What to produce:
Transcribe the lines below exactly. No image belongs in the transcription.

*** Opening Available records ***

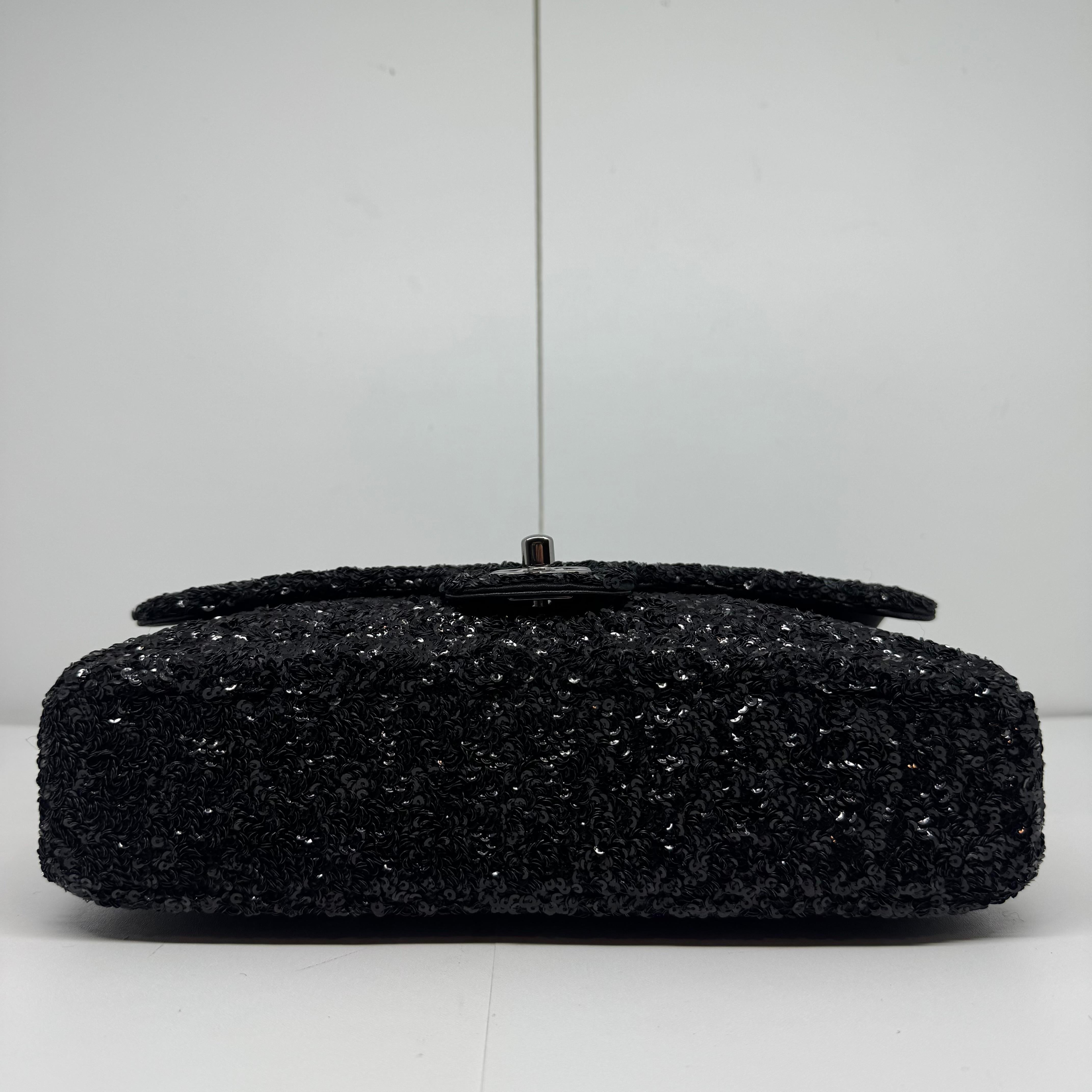 2015 Chanel Black Sequin Medium Single Classic Flap Bag (Sac à rabat classique) en vente 7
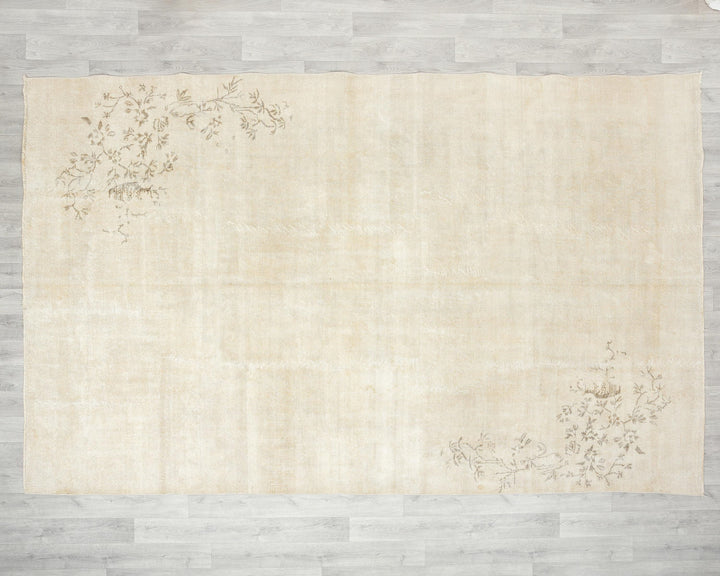 Beige Oushak Rug 6' 8" x 10' 5" | No. VR64206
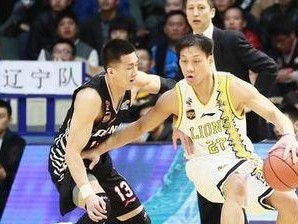 篮球防守技巧之摆好位置，打造华丽防守（掌握关键，让对手无可奈何）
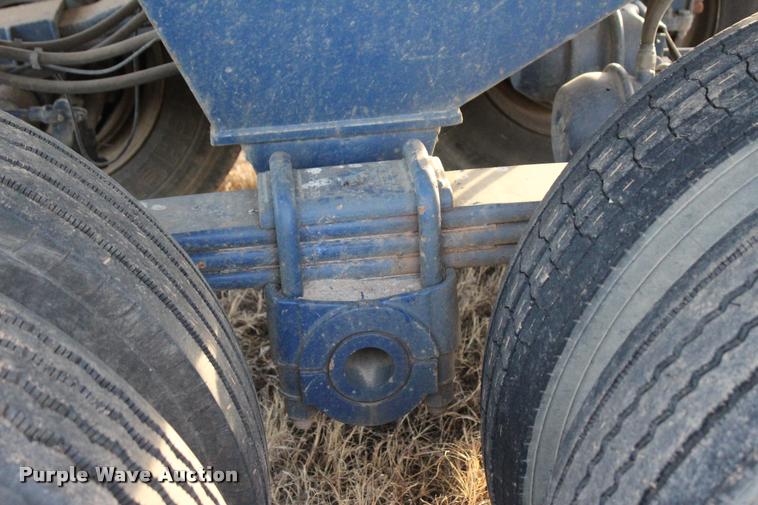 image for item L4944 2006 CPS TSD-39 end dump trailer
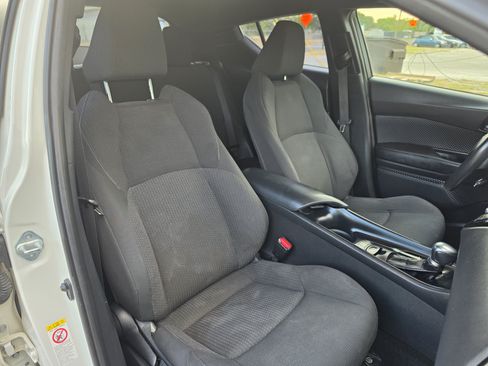 Used 2018 Toyota C-HR XLE FWD image 13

*** Closing Available records ***

Result:
 2015 Chanel Black Sequin Medium Single Classic Flap Bag (Sac à rabat classique) en vente 7
 Beige Oushak Rug 6' 8" x 10' 5" | No. VR64206
 篮球防守技巧之摆好位置，打造华丽防守（掌握关键，让对手无可奈何）
 image for item L4944 2006 CPS TSD-39 end dump trailer
 Used 2018 Toyota C-HR XLE FWD image 13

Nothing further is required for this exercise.